If we are right in our assumptions, the literary texts that will be of use in health care education are texts that have a potential to give rise to multiple interpretations. This is, of course, the case for most texts. Chekhov, who was not a poet, is particularly interesting in this aspect, as his plays and short stories are so rich in meaning, so generous to varying interpretations. This brings us to Raimo Puustinen's very sympathetic Chekhov reading.2 We are here invited to reflect on the difference between what we would like to call an exemplary interpretation and a more complex and ambiguous reading. For however wisely Puustinen takes the reader by the hand—and it is very much a question of being led sensitively but firmly through the text—one may end with the question whether it was all so simple and clear. Are we here really dealing with a doctor who knows how to see the whole of the patient, an altogether attractive example of “person-oriented medicine”?
It is possible that we are. We do certainly not want to deny the value of this reminder of the need to overcome the “disease orientation” of physicians, which has certainly not become a lesser challenge during the more than one hundred years that have elapsed since Chekhov wrote his short story. But still: doesn't Chekhov really invite us to read his text as being full of sub-texts, of meanings and possibilities that are “below” the surface? Some of these may be: Is the doctor really wise to go to the patient's house? Why does he agree to stay there overnight? If he chooses to establish a closer relationship with the patient, is he prepared to take the consequences of the dependence and the expectations he thereby creates? And what are really his motives—what is professional responsibility, what is attraction, what is the wish for admiration and the search for the taste of power? May even the path that this doctor chooses at least partially exemplify that all-too-well-known problem of good intentions and bad outcomes, the tyranny of good will? Or is he perhaps choosing the least bad of a number of bad alternatives at hand? Being a good doctor is a task that is full of dangerous pitfalls; and “person-orientation” (or whatever we want to call it) is a risky and complicated business.
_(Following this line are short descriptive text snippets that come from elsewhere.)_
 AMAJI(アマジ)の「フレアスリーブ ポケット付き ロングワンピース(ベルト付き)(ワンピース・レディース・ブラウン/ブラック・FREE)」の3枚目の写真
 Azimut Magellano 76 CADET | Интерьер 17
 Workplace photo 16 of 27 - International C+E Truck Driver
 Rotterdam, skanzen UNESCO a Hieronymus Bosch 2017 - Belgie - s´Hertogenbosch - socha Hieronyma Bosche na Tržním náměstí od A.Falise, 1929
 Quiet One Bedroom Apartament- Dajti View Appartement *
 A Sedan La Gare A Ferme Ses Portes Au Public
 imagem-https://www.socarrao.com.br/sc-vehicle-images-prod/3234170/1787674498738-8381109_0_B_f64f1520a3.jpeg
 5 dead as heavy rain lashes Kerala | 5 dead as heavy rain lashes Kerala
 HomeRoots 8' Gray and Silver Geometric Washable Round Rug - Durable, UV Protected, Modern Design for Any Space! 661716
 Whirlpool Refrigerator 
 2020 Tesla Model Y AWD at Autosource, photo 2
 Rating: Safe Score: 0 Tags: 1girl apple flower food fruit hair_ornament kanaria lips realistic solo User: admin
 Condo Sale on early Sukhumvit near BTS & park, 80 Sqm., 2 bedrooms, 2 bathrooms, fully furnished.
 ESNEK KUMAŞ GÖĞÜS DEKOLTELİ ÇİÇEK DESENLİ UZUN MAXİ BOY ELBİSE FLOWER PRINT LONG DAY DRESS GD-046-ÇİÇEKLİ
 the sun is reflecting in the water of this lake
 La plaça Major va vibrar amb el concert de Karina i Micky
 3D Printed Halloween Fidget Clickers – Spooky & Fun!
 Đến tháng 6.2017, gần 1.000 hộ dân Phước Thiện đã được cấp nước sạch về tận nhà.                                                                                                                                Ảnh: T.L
In short, while not denying the value of instructive readings we still believe that the most important potential in this short story—as in Tom Gunn's As expected, which Pickering considers—is its openness and the multitude of ambiguous interpretations to which it may give rise.1 Hence, we choose to see Puustinen's reading as a first reply in a long conversation that ideally will show more and more of the complexity of the text. It is valid, but other valid readings will appear as the dialogue goes on. The growing sum of these polyphonic readings will increase our understanding of that richness of meaning that is so crucial to clinical medicine.
Pickering and Puustinen are both voices in this polyphony and we are indebted to them for their invitation to join in.
Rolf Ahlzén is a General Practitioner and Lecturer in Medical Humanities, Department of Humanistic Medicine, Karolinska Institute, Stockholm, Sweden. Carl-Magnus Stolt is Professor of Humanistic Medicine, Department of Humanistic Medicine, Karolinska Institute.